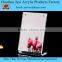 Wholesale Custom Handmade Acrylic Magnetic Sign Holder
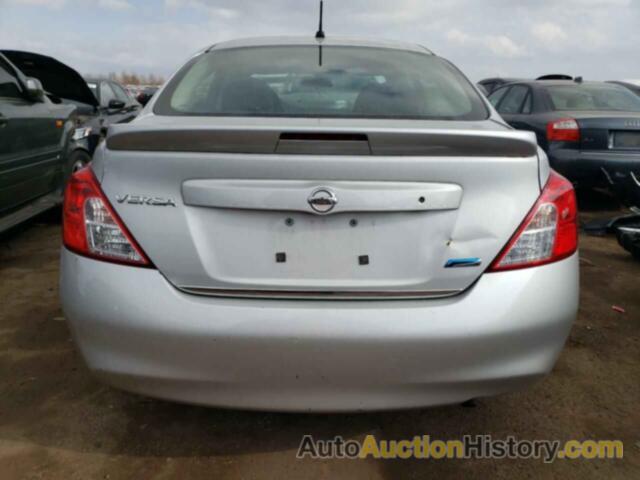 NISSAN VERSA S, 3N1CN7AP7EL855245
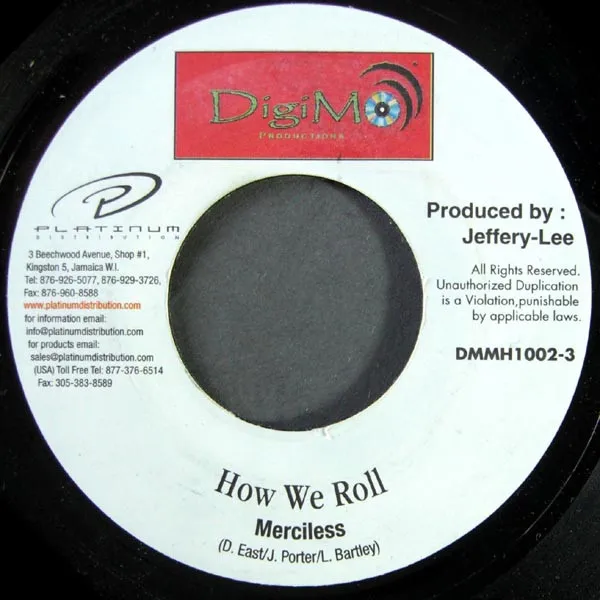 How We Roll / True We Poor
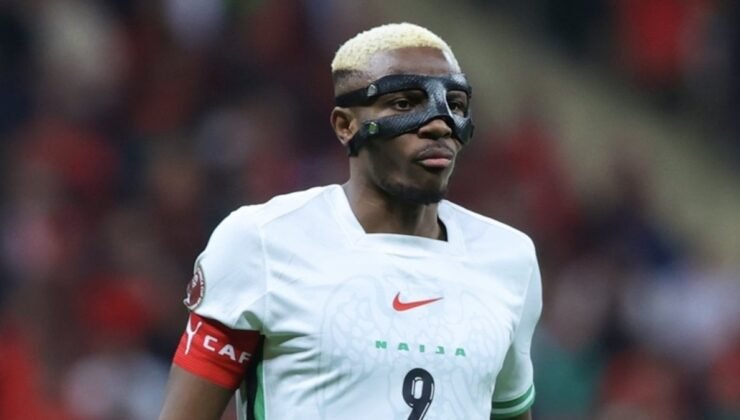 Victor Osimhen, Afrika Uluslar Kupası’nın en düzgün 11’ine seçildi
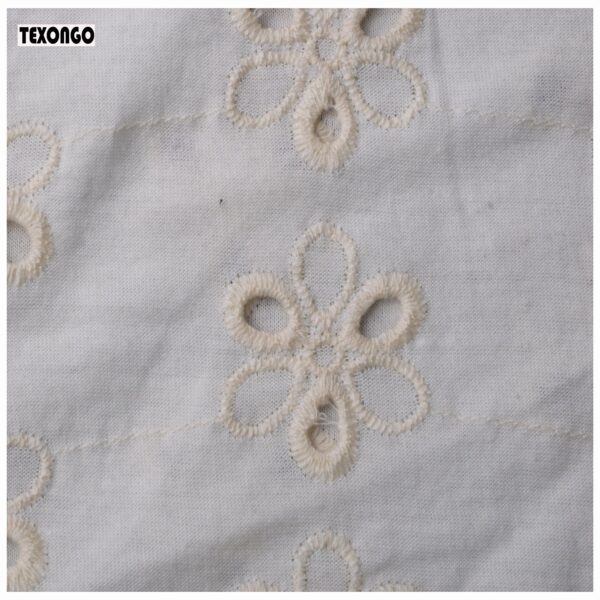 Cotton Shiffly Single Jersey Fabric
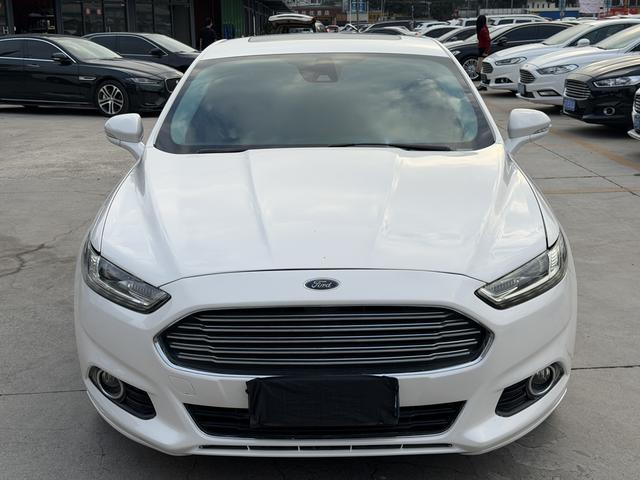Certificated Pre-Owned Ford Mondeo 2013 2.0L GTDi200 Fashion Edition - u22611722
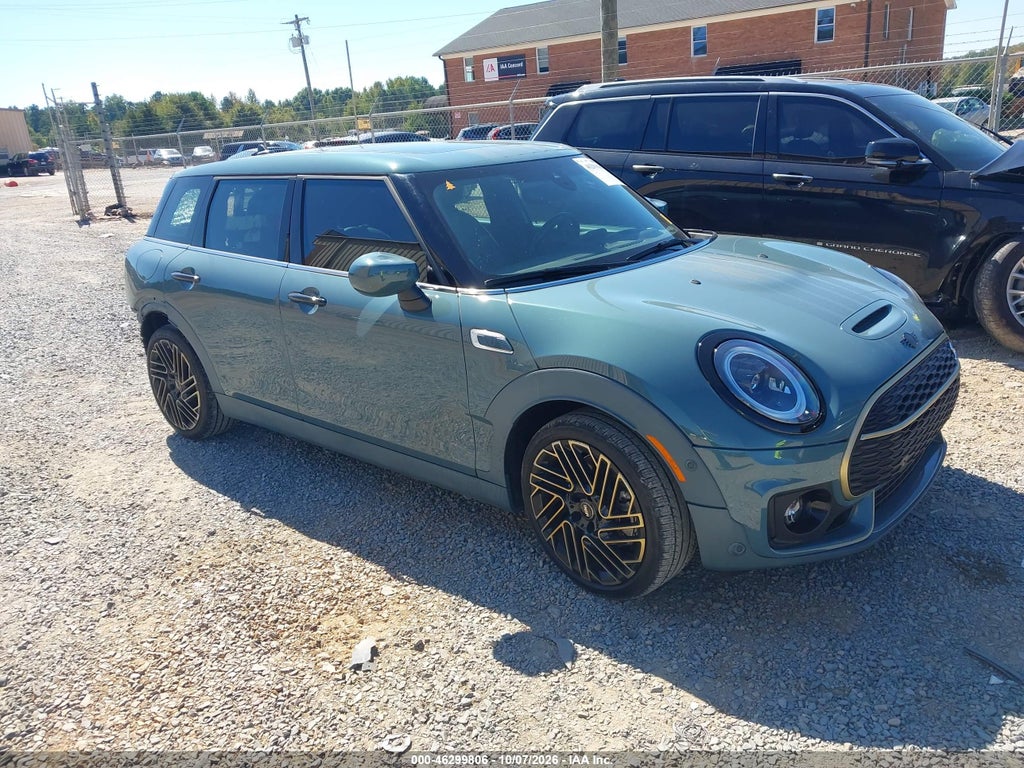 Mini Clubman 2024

Brief: Begin at the top of the records above and retype each line exactly until the line containing "Certificated Pre-Owned Ford", which is included. Skip all pictures.

Task answer:
 Wholesale Custom Handmade Acrylic Magnetic Sign Holder
 NISSAN VERSA S, 3N1CN7AP7EL855245
 How We Roll / True We Poor
 Victor Osimhen, Afrika Uluslar Kupası’nın en düzgün 11’ine seçildi
 Cotton Shiffly Single Jersey Fabric
Certificated Pre-Owned Ford Mondeo 2013 2.0L GTDi200 Fashion Edition - u22611722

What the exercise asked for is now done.